Special-collection Herkys make appearance at Hall of Fame.
By Ali Krogman
Herky doesn’t always dress in black and gold.
Six Herky statues are lining floors of the University of Iowa Karro Hall of Fame this week, each one sporting its own unique design, including All Sports Herky, Big Ten Tour Herky, Franken Herky, King Herky, Leprechaun Herky, and Santa Herky.
Each will eventually be for sale to the general public. The statues are a part of the 2015 Special Collection of Herkys revealed at this year’s Fry Fest celebration.
The Special Collection comes after the 2004 and 2014 Herky on Parade events, each to celebrate the 75th and 85th anniversary of Kinnick Stadium. The Herky on Parade idea came from Chicago’s Cows on Parade and Cedar Rapids’ American Gothic All Over programs.
The Iowa City/Coralville Convention Visitors Bureau, the University of Iowa, and area businesses chose the designs based on local submissions and community requests after the 2014 Herky on Parade.
Six artists from across Iowa were chosen to design the Special Collection statues.
Tom Newport, the artist who designed King Herky, said it’s always great to see his work displayed in the community.
The outdoor sculptures, whether it’s the Herkys or the American Gothic thing in Cedar Rapids, are all valuable programs for cities to take part in,” Newport said.
The Herky character was created in 1948 as a cartoon character and officially took the field in the mid-1950s as the Iowa mascot.Michael Rooney, assistant director of special events at the visitors’ bureau, saidalthough there is always a demand for Herkys, it hasn’t been determined if new
Herkys will be released each year. Another mass production of Herkys, like the Herky on Parade celebration, won’t happen for another 10 to 15 years.
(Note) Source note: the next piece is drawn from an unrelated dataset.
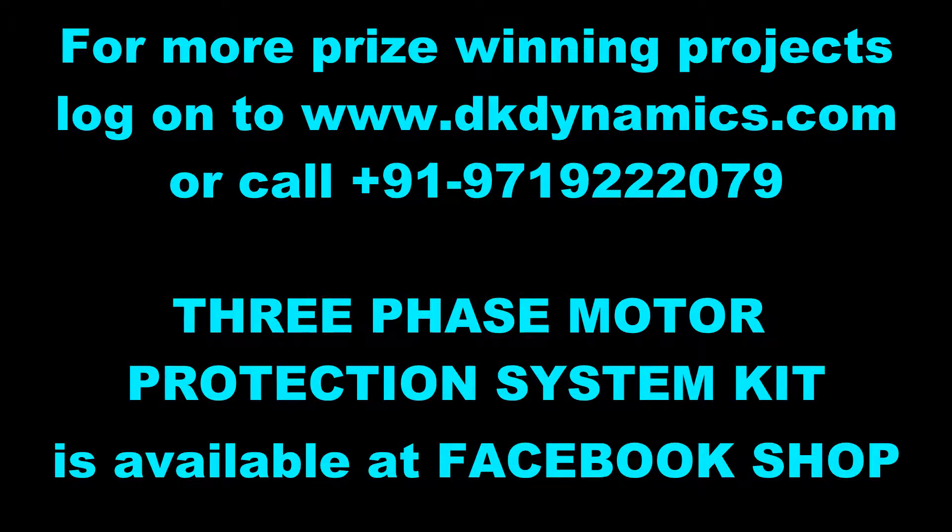If you have any query regarding this three-phase AC protection, you can mail us. If you want to buy this three-phase AC protection, you can buy it from our Facebook shop. I am sure you are going to make this device for your engineering project and win a prize. Please like, share, and subscribe to our channel. Thank you.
Rooney said Herky on Parade and this year’s Special Collection are fun experiences for the community that families and Hawkeye fans have come to enjoy.
“Being so close to the UI, everyone is a Hawkeye fan here,” Rooney said. “It’s a unique piece of art that’s relevant to the city and this area.”
Dale Arens, director of the Athletics Hall of Fame and UI Trademark Licensing, said the Herkys were brought to the Hall of Fame so the statues could have more public exposure before going on sale to the community. One of the statues, Franken Herky, was on display at Kinnick over Halloween weekend.
Arens said the statues have been extremely popular since being displayed at the Hall of Fame.
“Obviously, Herky is an icon. Everyone identifies with the Hawkeyes,” Arens said. “Allowing Herky to take on the different personalities that Herky on Parade allows is something kind of fun for people.”
Rooney said there haven’t been issues of vandalism so far since Fry Fest and the Hall of Fame has been the statues only exposure. Vandalism has been an issue in the past.
The Herky statues will be displayed at the Hall of Fame until Nov. 8.